Chez les islamistes, les femmes participent-elles au prosélytisme religieux ?
Pour mon mémoire de master, j’ai mené une enquête anthropologique durant laquelle j’ai rencontré des femmes et des jeunes femmes qui avaient besoin de reconnaissance, à qui on donnait l’occasion de prendre leur revanche. Elles sont devenues celles par qui l’islam se propage dans la société. Leur mission, c’est la « dawa » : faire du prosélytisme pour Allah. En tout cas, c’est ce que leur ont dit des prédicateurs religieux qu’on laissait prêcher tranquillement.
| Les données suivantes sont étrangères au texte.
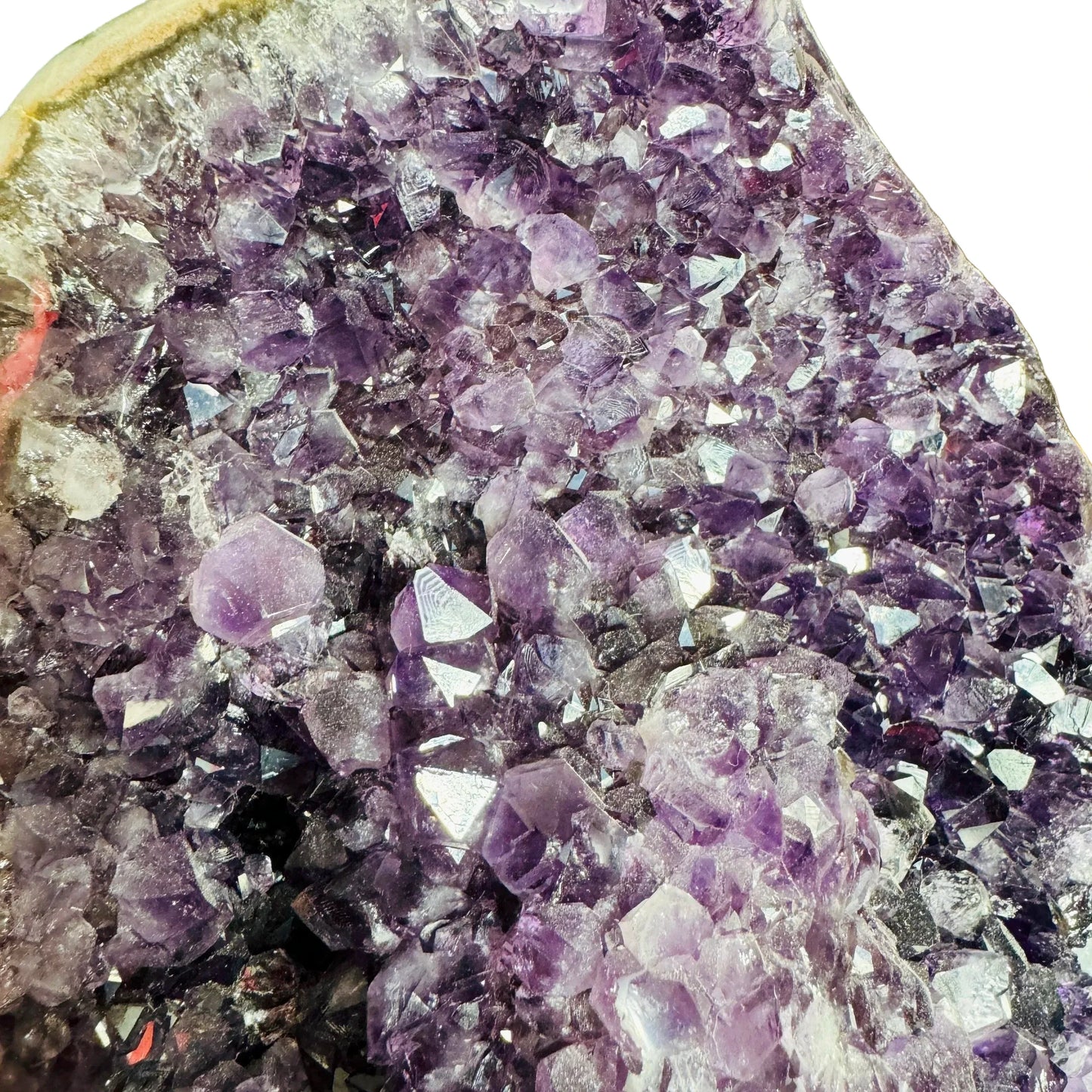 Detail shot of Grade AA Amethyst geode under natural light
Ces femmes prosélytes ont été formées à la mosquée du Cinquantenaire ou dans d’autres mosquées, comme celle de la rue de la Limite, par des frères musulmans et/ou salafistes. Nous avons actuellement des femmes qui forment d’autres femmes un peu partout, qui s’insèrent dans le milieu du travail et continuent la « dawa ». Ces personnes, qui ont souvent été niées dans leurs existences au sein de leur famille ou dans la société, sont les “élues d’Allah”. Avec pour mission d’éduquer les enfants sur le sentier divin en suivant les décisions des oulémas (des hommes qu’elles considèrent comme savants). Toute la journée, elles font des invocations (dou’a) pour se protéger du sheytan (« le diable ») à chaque changement de lieu : rentrer à la maison, sortir de la maison, rentrer au toilette, rendre visite à un malade, etc. Ainsi que pour chaque geste effectué : enlever ses vêtements, s’habiller… C’est un véritable rituel obsessionnel.
Qu’avez-vous à dire concernant le port du voile par certaines musulmanes ? S’agit-il d’un symbole culturel, identitaire ou d’autre chose ?
Tout d’abord, le port du voile n’est pas interdit en Belgique, faire croire le contraire est faux. Deuxièmement, on veut nous faire croire qu’une femme musulmane est nécessairement voilée : ce qui est faux aussi. Mais notre société, notamment nos institutions publiques qui, comme Actiris par ces publicités pour l’emploi, ne cesse de représenter la femme musulmane avec un voile. C’est du pain béni pour les islamistes ! Une minorité d’activistes prosélytes en profitent pour nous imposer le voilement des femmes et des petites filles. Je suis choquée de ne voir aucune réaction de la part des instances de protection des droits des femmes ou des enfants. Au contraire, ces instances vont justifier le voilement en parlant de “libre choix” et le défendre au nom de la lutte contre la stigmatisation. Des institutions comme le CCIB (Collectif Contre l’Islamophobie en Belgique) – dont le président Mustapha Chairi fait fièrement le signe de ralliement des frères musulmans avec ces quatre fils et un enfant – bénéficient d’un financement de la fédération Wallonie-Bruxelles ! Mieux encore, ces institutions donnent la parole aux femmes concernées par le voile comme si une femme qui subit des pressions sociales de sa communauté allait s’insurger. Quand on sait que questionner peut vous coûter la vie, il est évident que peu de femmes vous diront que ce n’est pas un choix.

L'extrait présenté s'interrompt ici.